I’ve been so consumed with doing this shop launch perfectly. To be clear, this is my version of ‘perfect’ and ‘right’. I know that I may look like I have it all together, and my status quo days might look, to you, as perfect. I work really hard to be seen that way. But there’s still a gap in my mind of where I am and what I want to do.

It’s been debilitating at times. Warring with perfectionism, your perception of me, reconciling my own struggle with my potential – it’s all left this launch on standby as my brain implodes. Everything comes to a standstill. My mind works itself into a frenzy over the possibility and all the directions I can go, all the things I can say to you.

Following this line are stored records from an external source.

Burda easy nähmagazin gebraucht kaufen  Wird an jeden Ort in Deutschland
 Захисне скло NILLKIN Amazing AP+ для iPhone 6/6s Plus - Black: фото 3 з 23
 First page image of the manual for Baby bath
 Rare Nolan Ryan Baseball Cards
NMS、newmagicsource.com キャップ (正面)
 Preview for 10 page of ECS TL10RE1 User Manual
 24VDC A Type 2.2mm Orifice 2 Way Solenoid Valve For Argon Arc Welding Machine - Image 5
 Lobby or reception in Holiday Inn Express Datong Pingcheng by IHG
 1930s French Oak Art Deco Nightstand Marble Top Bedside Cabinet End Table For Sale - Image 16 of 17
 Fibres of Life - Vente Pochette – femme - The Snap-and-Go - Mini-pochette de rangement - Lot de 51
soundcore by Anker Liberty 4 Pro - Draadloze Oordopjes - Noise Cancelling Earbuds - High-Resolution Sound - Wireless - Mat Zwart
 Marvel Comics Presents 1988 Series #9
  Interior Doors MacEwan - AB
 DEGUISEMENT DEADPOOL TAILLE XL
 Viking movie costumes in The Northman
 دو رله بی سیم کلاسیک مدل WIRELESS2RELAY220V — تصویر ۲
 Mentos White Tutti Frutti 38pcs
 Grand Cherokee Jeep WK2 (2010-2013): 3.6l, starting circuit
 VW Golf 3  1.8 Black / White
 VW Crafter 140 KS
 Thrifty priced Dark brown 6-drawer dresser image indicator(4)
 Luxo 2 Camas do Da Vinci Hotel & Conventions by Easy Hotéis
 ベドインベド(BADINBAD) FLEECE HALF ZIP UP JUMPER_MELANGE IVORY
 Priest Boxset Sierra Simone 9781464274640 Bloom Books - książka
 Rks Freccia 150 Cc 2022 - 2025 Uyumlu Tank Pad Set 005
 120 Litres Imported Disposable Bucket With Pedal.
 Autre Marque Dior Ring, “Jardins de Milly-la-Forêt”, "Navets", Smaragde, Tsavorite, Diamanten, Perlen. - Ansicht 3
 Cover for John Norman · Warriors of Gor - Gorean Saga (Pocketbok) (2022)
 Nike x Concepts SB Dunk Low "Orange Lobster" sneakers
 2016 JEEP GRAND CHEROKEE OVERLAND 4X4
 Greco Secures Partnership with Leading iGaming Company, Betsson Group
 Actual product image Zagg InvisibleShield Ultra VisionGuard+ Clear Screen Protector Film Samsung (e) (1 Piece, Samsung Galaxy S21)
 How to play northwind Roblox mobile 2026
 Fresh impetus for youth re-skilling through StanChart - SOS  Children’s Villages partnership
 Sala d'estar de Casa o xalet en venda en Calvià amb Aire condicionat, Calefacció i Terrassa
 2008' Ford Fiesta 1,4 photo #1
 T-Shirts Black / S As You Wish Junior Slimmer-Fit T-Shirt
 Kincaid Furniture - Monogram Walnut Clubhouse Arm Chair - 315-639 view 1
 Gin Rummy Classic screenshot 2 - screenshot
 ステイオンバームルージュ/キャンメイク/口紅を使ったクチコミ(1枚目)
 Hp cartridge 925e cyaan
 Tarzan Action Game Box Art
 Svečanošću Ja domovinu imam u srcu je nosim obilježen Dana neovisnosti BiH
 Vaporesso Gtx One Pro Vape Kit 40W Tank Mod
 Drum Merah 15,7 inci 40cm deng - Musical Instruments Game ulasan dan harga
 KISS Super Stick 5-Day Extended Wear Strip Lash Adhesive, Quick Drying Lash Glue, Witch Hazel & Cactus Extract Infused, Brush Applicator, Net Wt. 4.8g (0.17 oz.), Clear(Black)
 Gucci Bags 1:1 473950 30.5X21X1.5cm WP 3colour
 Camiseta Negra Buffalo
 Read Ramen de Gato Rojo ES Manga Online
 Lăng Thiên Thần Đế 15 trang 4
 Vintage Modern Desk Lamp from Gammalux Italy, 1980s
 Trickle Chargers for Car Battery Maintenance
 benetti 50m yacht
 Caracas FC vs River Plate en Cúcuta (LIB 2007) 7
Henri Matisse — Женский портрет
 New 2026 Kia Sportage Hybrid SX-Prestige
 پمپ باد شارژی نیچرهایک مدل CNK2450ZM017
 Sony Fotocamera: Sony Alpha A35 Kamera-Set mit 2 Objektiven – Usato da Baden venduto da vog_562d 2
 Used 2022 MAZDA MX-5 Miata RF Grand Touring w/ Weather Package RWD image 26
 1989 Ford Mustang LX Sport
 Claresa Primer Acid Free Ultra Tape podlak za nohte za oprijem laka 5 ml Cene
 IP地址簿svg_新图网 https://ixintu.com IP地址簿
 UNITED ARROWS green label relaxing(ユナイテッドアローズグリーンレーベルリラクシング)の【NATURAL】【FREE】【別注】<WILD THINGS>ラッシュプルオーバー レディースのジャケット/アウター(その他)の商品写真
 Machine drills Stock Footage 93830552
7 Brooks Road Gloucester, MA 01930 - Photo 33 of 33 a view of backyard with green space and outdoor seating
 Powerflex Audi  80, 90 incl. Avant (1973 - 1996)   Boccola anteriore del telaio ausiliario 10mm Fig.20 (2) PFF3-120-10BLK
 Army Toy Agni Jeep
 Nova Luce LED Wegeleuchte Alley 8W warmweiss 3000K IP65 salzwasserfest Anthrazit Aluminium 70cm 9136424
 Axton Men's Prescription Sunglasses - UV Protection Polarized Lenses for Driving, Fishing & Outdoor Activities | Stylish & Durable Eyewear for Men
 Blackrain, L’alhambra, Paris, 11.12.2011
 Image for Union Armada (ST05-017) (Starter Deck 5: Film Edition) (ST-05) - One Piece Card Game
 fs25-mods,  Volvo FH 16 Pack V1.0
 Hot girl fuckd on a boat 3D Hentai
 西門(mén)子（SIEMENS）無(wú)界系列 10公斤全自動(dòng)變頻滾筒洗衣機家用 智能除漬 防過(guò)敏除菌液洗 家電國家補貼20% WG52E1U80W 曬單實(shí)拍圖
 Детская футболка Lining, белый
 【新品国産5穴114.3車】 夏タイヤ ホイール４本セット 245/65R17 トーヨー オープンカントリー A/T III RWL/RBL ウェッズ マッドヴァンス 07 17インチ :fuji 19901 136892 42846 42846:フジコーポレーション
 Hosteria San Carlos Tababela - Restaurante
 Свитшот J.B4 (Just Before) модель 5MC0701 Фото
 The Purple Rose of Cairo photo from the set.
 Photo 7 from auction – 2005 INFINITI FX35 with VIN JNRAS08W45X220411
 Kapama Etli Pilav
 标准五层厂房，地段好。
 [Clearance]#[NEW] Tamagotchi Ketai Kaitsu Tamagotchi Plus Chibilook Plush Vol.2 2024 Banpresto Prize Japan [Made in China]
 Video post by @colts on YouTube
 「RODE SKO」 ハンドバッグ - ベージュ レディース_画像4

And soon after, predictably, it becomes overwhelmed by dizziness and drops on the spot. Rinse and repeat.

I’ve been caught in that cyclical web for months.

I’m taking this all so seriously. I struggle to remember (and more importantly, embody) my own words: Why not have some fun around here just for fun’s sake?

Why is it so goddamn hard to tell you all the things I already know in my head? To share excitement? To just say: here’s what I want you to know. Here’s where you can buy from me.

It’s the anticipatory loss I’m avoiding. Once it leaves my mind, it becomes part of the world. I’ll have given it to you, and it will no longer be the shiny object in my mind with glossy and unlimited potential. It will have expectations and disappointments and income reports and reality attached to it. 

My mind whispers: Things can’t stay the same forever.